Por Milagros Aguirre.

Ilustración: Adn Montalvo E.
Edición 467-Abril 2020.

Un domingo tarde, buscando alguna lectura, me encuentro en mi biblioteca con A flor de piel, una novela de Javier Moro (Planeta, 2015). No sé cómo llegó ese libro a mi estantería, pero sé que los libros se dejan leer cuando es el momento. No antes ni después. Y este en particular se dejó ver en plena pandemia, como para mostrar lo afortunados que somos de vivir en el siglo XXI, cuando tenemos las vacunas en frasquitos perfectamente desinfectados y que, con apenas un leve pinchazo, podemos protegernos de poliomelitis, tosferina, meningitis, difteria, viruela, sarampión, hepatitis B, malaria o fiebre amarilla, gripe o influenza, tétanos, rabia y ahora, covid.

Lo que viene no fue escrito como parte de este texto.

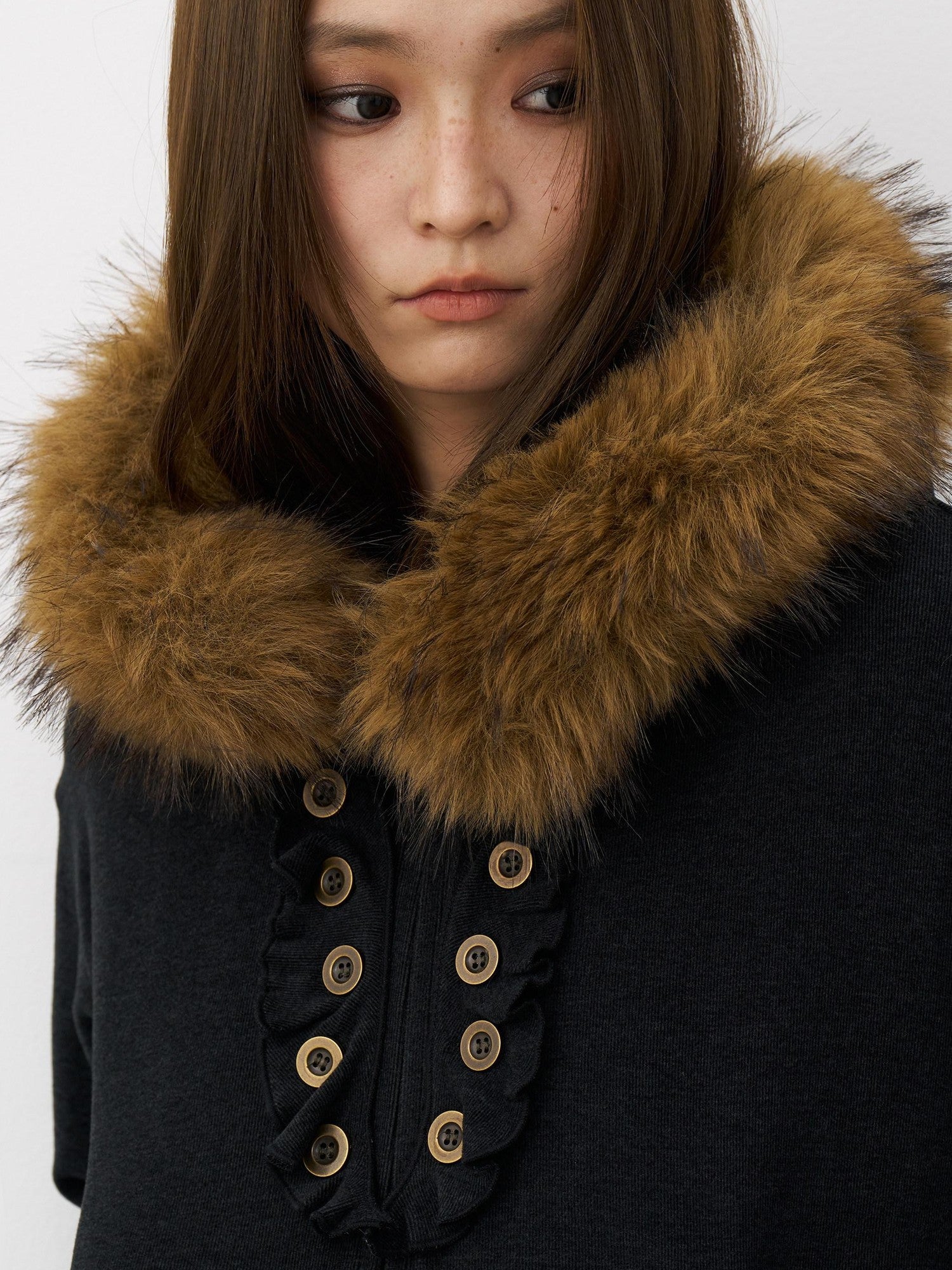 THELIGHT OFFICIAL Button Lace Detachable Fur Collar Zipper Patch Pocket Women's Cotton Hoodies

En el relato de Javier Moro, que se remonta a principios del siglo XIX, la vacuna debía transportarse en la pústula misma de la viruela y, mediante un corte, se colocaba en el brazo de quien la recibía. Los investigadores de entonces descubrieron que la viruela de la vaca era menos letal que la humana y empezaron a implantar la materia de sus pústulas en las personas. ¡Cosas del diablo!, decían sus detractores hace doscientos años, que argumentaban que con este método se alteraban las especies, la perfecta obra de Dios. Igual que hoy, con las teorías del cambio en el ADN o que la vacuna que se nos viene es “cosa de Satán”. En serio. No es broma.

Antes de la vacuna (que se llama así por lo de las vacas), el tratamiento que los médicos usaban era la variolización, es decir, juntar a personas sanas con aquellas que sobrevivían de la viruela para así inmunizarlas y que el contagio fuera menos letal. La historia que cuenta Moro es alucinante: una expedición humanitaria que incluía a veintidós niños huérfanos, a quienes llamaban “pobres de solemnidad”, cuyos cuerpos mismos serían transporte del virus que serviría para inmunizar a miles de personas en el continente americano: sus frágiles vidas para salvar a la humanidad. Entonces, en el siglo XIX, las recomendaciones eran las mismas que en la pandemia de hoy: higiene, distancia, aire libre. Solo que las condiciones de salubridad no eran ni remotamente parecidas a las de hoy. Peor, las condiciones para el desarrollo de la ciencia.

“Las epidemias han tenido más influencia que los gobiernos en el devenir de nuestra historia”, escribía George Bernard Shaw. Su frase está en el epígrafe de A flor de piel. Y sí: poblaciones enteras han desaparecido como consecuencia de pestes, plagas y epidemias. La que nos tocó vivir es una más de las enfermedades que se han presentado en la historia de la humanidad y que se combaten con las vacunas, pero también con la concurrencia de muchos, con la solidaridad y la empatía. Lástima que olvidemos esos capítulos de la historia que nos harían actuar de forma más preventiva y menos improvisada. Tropezar varias veces con la misma piedra parece ser parte de la naturaleza humana.